In other words, these are not weapons designed for high-end warfare against a technologically advanced adversary.
So, given that Australia has reduced its Afghanistan presence over the years and along with its major ally is shifting its defence emphasis from terrorism to “peer competitors”, it makes sense that Australia is only buying a relatively small number of Reapers.
Even if this is just a niche capability, there is an argument that the Reapers will keep the ADF at the leading edge of so-called UCAV operations (unmanned combat air vehicles). Unfortunately though, for Australia, there is no clear path after Reaper to the next generation of UCAV because US development of such weapons has more or less stopped.
The US Navy wanted a stealthy drone that could be used against advanced adversaries with high-quality air defences, but that program has stalled and instead it will get a drone that basically serves as an airborne petrol station for its crewed fighters.
The US Air Force doesn't have a stealthy armed drone in mind either, at least not one that we really know about. There is the mysterious RQ-180 project, but the fact that this project remains classified may point the difficulty of getting these weapons into the mainstream – as this article argues, the RQ-180 program is perhaps being hidden not because the US doesn’t want the enemy to know about it, but because such a weapon threatens the US military’s aviation hierarchy, which is dominated by pilots who prefer to see aerial combat remain the preserve of aircrews rather than jumped-up video-game jockeys.
That’s a bureaucratic hurdle which China may not need to negotiate, and as the recent Zhuhai Air Show demonstrated, there has been an explosion of drone development activity in China in recent years. The Financial Times carried a couple of useful reports on why this might be happening.

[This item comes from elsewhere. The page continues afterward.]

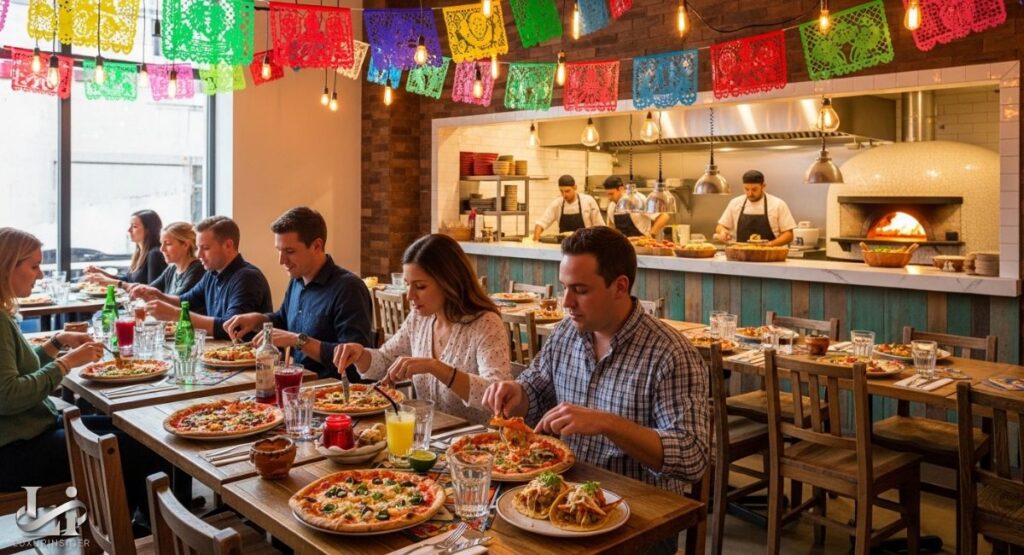 A group of people dining at a restaurant decorated with colorful Mexican flags, eating what appears to be a fusion of Mexican and Italian food. In the background, chefs are working near a wood-fired oven. The tables are filled with pizza and other dishes, along with drinks.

China’s most interesting model was a stealthy armed drone which fits exactly into the space the US now seems to be vacating.
The most interesting model to appear in Zhuhai was the CH-7, a stealthy armed drone which fits exactly into the space the US now seems to be vacating. In fact, one of the designers of the CH-7 cheekily compared it to the RQ-180 – the US barely acknowledges the existence of this design even though it is purportedly in service, and yet China is openly displaying and talking about its new design even though it won't enter service for some years. It’s rather ironic given that the US constantly demands that China show more “transparency” about its military programs.
When it comes to the development of stealthy combat drones, momentum appears to be with China right now. That’s a problem for Australia, which is just beginning its entry into the stealth aircraft game with the F-35 Joint Strike Fighter. If future governments decide an additional stealthy air combat capability is needed against a highly capable adversary, it would have no option but to buy more F-35s. Australia’s bargaining position would be strengthened if there were alternatives.
Perhaps Australia will need to look to Europe, where there are a couple of stealthy UCAV research projects happening. Australia will have to hope that one or both of these projects mature into a fully fledged development effort.
Australia might even offer to take part in one of the research projects.